Combine the water with two cups of the sugar in a saucepan and bring to a boil. Ensure all the sugar is dissolved and reduce heat to low. Add all loose needles and half stripped branches into the saucepan with the sugar syrup and simmer for 20-30 minutes. Fine strain the solids out to separate them from the now pine-flavored syrup.
Take the half stripped branches and allow them to air dry for about 5 minutes. They should be sticky, but not wet. Discard the loose needles. Put the remaining sugar in a mixing bowl and dip the branches in it one at a time. Ensure they are fully coated by the sugar. The branches should have a frosted appearance. Shake off any excess or clumps of sugar from the branches by lightly tapping them. Arrange them on a baking sheet lined with parchment so that they are not touching one another. Put the tray in the oven at the lowest setting possible. The sugar should not melt or bubble but dry out. Most home ovens are too hot at the lowest setting; leaving the oven door open a crack should fix that.
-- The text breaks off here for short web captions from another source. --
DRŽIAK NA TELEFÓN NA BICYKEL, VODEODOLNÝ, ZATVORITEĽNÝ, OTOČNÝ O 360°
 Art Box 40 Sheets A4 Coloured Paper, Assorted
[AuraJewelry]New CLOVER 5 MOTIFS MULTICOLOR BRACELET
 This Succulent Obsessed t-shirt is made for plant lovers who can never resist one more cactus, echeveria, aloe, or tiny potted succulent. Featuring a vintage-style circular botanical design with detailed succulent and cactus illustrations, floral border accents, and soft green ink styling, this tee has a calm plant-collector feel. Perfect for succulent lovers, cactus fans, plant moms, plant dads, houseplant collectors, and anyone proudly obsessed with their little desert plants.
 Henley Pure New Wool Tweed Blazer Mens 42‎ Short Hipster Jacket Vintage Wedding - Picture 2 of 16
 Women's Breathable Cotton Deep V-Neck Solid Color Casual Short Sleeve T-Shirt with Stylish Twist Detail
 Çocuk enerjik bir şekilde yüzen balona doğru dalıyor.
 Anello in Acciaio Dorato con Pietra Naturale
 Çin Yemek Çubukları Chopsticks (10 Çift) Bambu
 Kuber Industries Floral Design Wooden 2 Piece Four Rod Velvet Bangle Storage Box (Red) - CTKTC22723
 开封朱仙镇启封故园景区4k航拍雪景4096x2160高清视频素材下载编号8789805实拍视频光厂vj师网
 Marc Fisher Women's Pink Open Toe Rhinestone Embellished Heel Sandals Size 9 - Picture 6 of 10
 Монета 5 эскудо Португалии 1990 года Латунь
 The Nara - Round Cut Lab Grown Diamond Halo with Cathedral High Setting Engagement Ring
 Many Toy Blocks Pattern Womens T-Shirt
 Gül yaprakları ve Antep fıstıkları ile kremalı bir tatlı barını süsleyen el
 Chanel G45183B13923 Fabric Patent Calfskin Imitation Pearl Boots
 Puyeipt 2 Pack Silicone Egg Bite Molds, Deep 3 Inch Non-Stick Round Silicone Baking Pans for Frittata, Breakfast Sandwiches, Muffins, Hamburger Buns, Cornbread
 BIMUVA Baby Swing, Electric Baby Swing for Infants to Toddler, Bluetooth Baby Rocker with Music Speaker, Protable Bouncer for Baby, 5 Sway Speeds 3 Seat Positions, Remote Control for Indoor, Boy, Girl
Leave the tray in overnight or until completely dry and the needles on the branches are brittle. Store in a moisture free container.
Note from Hailey: Not all pines are created equal. Some are toxic for humans. Avoid Lodgepole Pine, Ponderosa Pine and Monterray Pine. The general rule of thumb is that if it looks like a Christmas tree, avoid it.